Cpu is not a problem here, only disk latency.

Yes. Or export data from a live database, if you rightfully don’t want to stop. It’s done atomically. But none of that would be required if your hardware and software did not allow data loss in the first place.

See above, you can lose quite a lot of data and never fail audit, node data is write-once; databases are constantly rewritten so corruption is immediately evident; if databases are on SSD without PLP your chances to lose data is much, and order of magnitude, higher, because of read-modify-write nature of SSDs. Instead of putting sata to SSD I would turn off sync for the mountpont and ensure no abrupt resets.

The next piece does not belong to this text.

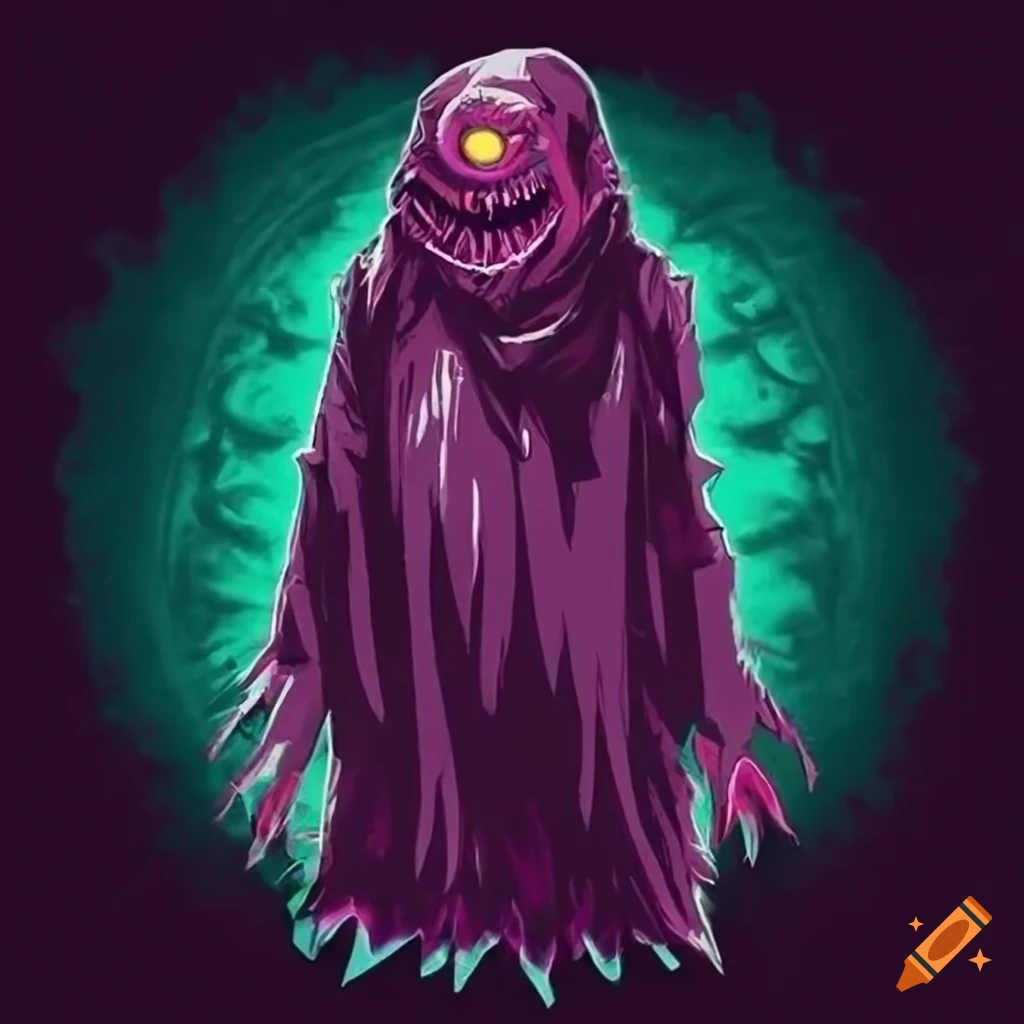 Deathcore style t shirt design monsters detailed with background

I completely understand your point and wholeheartedly disagree with it: time is better will be spent and with better outcome preventing data loss than concocting wicked recovery techniques.

Why would that matter? Data loss of any kind is bad and shall not happen. If it does — the appliance in current form is not suitable for storing data.

In one of the threads I suggested to keep databases on tmpfs: it’s evaporates on reboot and will always be consistent. The metrics are useless anyway. I personally never look at them.

But this will be with the understanding that your storage is ~~unreliable crap~~ sufficiently reliable to host storage node data where some data loss is acceptable and accounted for in the design.

But there is no other usecase that can tolerate such a ~~total garbage~~ low reliability storage service; which means you are running node on a hardware configured specifically to run a node, which goes against the recommendation to only use unused resources.

So, my node is on an array that guarantees data consistency, where all other my data lives. Databases are on the same array. I never had data loss. Neither with storj last year since day one, nor ever in the past 15 years of running servers at home… (and not planning to).

This is why any data loss is a catastrophe if you are running storage node as designed.

JWvdV · June 14, 2023, 1:20pm

This is quite a bit of exeggerating indeed. Taking my smallest node of about 250GB of data now (started one week ago), for this example on which I get daily 25 audits at the moment. If you lose a substantial amount of files like 0.1%, 0.5% or even 1%; the chance it won’t be detected within a week is 84, 41 and 17% (={0.999,0.995,0.99}^(7 x 25)) respectively and 47, 2 and 0.05% (={0.999,0.995,0.99}^(30 x 25)) within a month. For bigger nodes with the same relative amount of data loss, these figures are considerably less, because they get more audits.

Well, it actually does matter. Because data loss of the blobs is taken care of and accounted for in the STORJ-design. That’s also the reason why it’s adviced against to run STORJ-nodes with RAID>0.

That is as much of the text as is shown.